An order signed on Tuesday in an antitrust case denied the plaintiff grocers’ request for rehearing en banc following the appellate panel’s finding that there was no reversible error in the jury instruction that the appellants took issue with. The 2008 antitrust case accused the egg producer defendants of entering into a conspiracy to suppress the output and raise the price of eggs. The case went to trial in late 2019.
In their petition for rehearing, the appellants, one dozen supermarkets and convenience store chains, asked the Third Circuit to rehear the case. As previously reported, the mid-March decision, written by Circuit Judge Paul B. Matey, concluded that the alleged error on the jury verdict form, assuming it was one, was harmless because the jury got the correct information elsewhere on the form.
The court’s opinion explained that in order to find the defendants liable for antitrust conspiracy, the jury had to answer “Yes” to the form’s Question 1 asking whether the three alleged restraints on trade were part of a single antitrust conspiracy. The jury answered the question in the negative, thereby siding with the defendants.
In their petition for rehearing, the appellants asserted that the opinion was erroneous because the court wrongly relied on out-of-circuit precedent.
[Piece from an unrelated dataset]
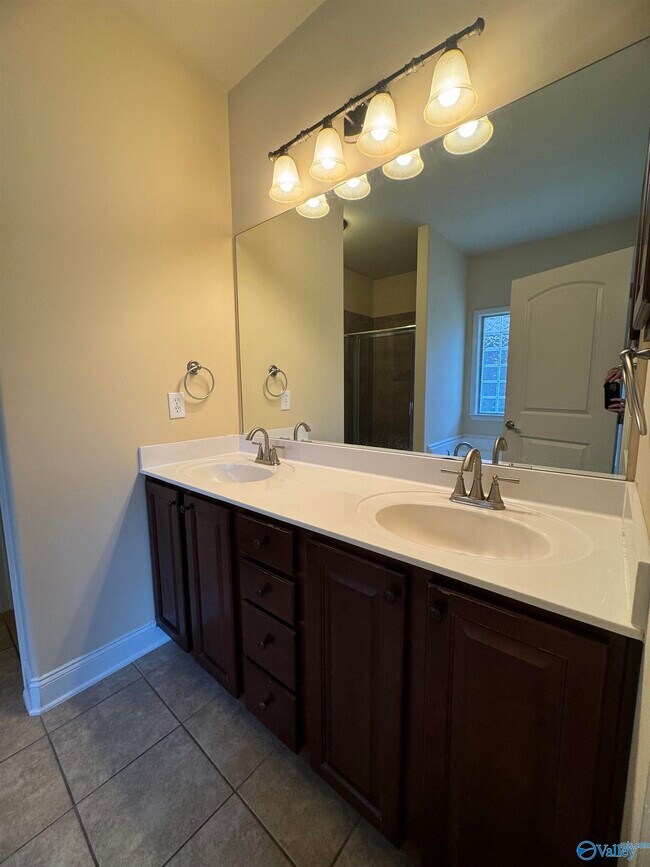 Building Photo - 475 E Mossyleaf Dr SW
Controlling precedent, they argued, would have led to court to find reversible error because had the jury instruction been structured differently, a “reasonable jury could easily have decided Question 1 in plaintiffs’ favor.”
They next argued that jury Instruction No. 17 could not possibly have corrected the error made in Question 1 because nowhere did the instruction “state, or even imply, that a conspiracy could be found if plaintiffs proved defendants had agreed to engage in just one of the three forms of output-suppressing conduct.”
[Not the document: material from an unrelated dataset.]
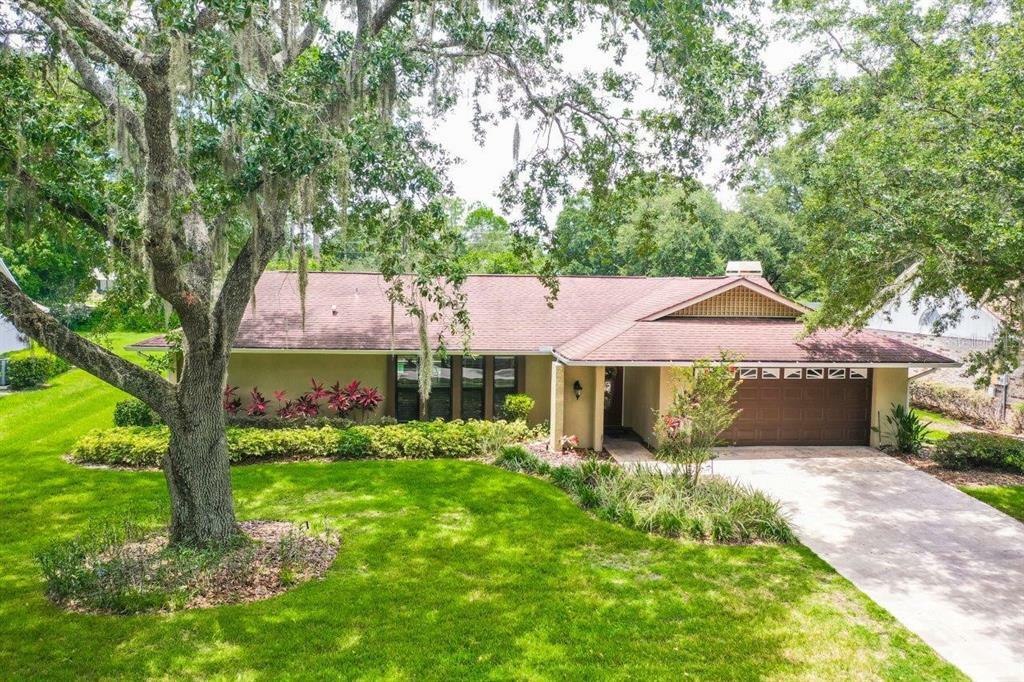 Property Photo:  16006 Amberly Drive  FL 33647 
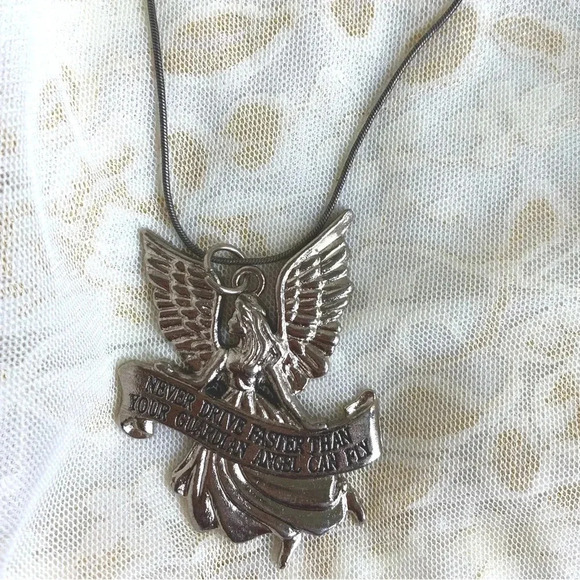 NWT Guardian Angel Silverplated Charm Pendant with 16" Branded Chain Necklace - Picture 8 of 10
In the one-page opinion denying rehearing, Judge Matey explained that the petition had been submitted to the judges who participated in the decision and “to all other available circuit judges of the Court in regular active service.” Reportedly, no concurring judge asked for rehearing, and a majority of the judges in regular service and not disqualified did not vote for rehearing en banc.
The petitioners are represented by Sperling & Slater P.C., Kenny Nachwalter P.A., Marcus & Shapira LLP, and Ahern and Associates P.C.